26 Aralık 2004 ‘te merkez üssü Endenozya’ya ait Sumatra adası olan 9 Richer ölçeğinde deprem meydana geldi. Geçtiğimiz yüzyılda yaşanmış en büyük tsunami (deniz dalgalarının yükselmesi) felaketini ortaya çıkardı. Televizyon, Internet ekranlarından, deprem bölgesiyle ilgili günlerce haberler izledik, gazetelerden haberler okuduk… Güney Asya’da geniş bir alanı etkilen deprem ve tsunami binlerce değil, on binlerce insanın ölümüne sebep oldu. Yüz binlerce insanın evsiz, baksız, aşsız, işsiz, eşsiz kalmasına yol açtı. Devlet yönetimi çaresiz kaldı. Dünya devletlerinden yardımlar talep edildi.

Bizde 17 Ağustos depreminde, 12 Kasım depreminde olduğu gibi, Güney Asya depremi ve sonrası yaşananları televizyon ekranlarında ibretle izledik. Çok enteresan görüntülere ve bir hayat hikâyelerine şahit olduk… Ülkeler ayrı, insanlar farklı olmasına rağmen yaşananlar sanki birbirinin aynısıydı. Bu da gösteriyor ki, deprem, afet vs. dünyanın nesrinde olursa olsun sonuç itibariyle aynı tür acıları veriyor… Demek ki afetlere hazırlık noktasında da dünya devletlerinin topyekün olarak, birlik ve beraberlik içerinde hazılıklı olması, ortak paydalarda buluşması gerekmektedir. Depremlerin yaşandığı ilkelere yardım ekiplerinin ve yardım malzemelerinin dünya devletleri tarafından gönderilmesi bunun bir sonucu olsa gerek diye düşünüyorum. Zira ülkemizde yaşanan Marmara depremi sonrası dünyanın 85 ülkesinde kurtarma ekipleri gelmişti.

Bu bağlamda; Güney Asya ve Marmara depreminde yaşanan hepimizin ders alması gereken iki enteresan olayı sizlerle paylaşmak istiyorum.

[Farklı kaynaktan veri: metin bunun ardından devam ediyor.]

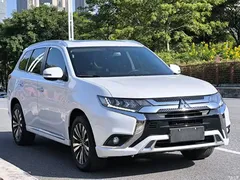 2021 Mitsubishi Outlander 2.4L 4WD Enjoy 7 seats, белый — фото 4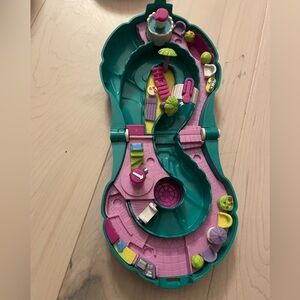 VINTAGE POLLY POCKET DOLL HOUSE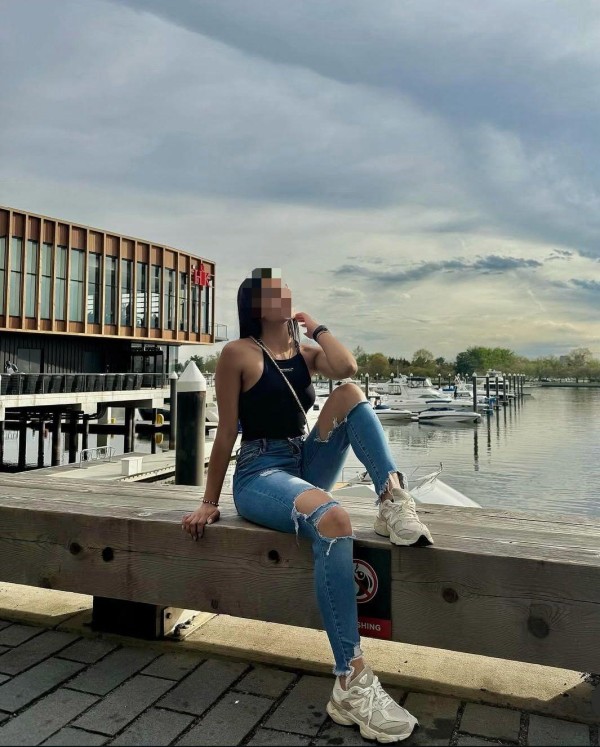 ANDREA ESTUDIANTE COLOMBIANA APLICADA Y TRAVIESA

‘’Deprem sonrası oluşan dev dalgalar, İtalya’nın Milan takımında oynayan takımında oynayan ünlü futbolcu İnzaghi’nin, Maldiv adalarının Srilanka’ya en yakını olan Kihaadhuffaru Adası’nda kaldığı otele ulaşınca, ortalık birden ana, baba gününe döner. Zira can tatlı, herkes başı çaresine düşmüştür. Kimsenin kimseye bakacak hali kalmamıştır. Giderek yükselen sulardan korunmak için en yakınındaki palmiye ağacına tırmanmayı düşünen ünlü futbolcu İnzaghi, ‘’NE OLUR, BANA BİR MERDİVEN BULUN, NE İSTERSENİZ VERİRİM!’’ diye bağırır.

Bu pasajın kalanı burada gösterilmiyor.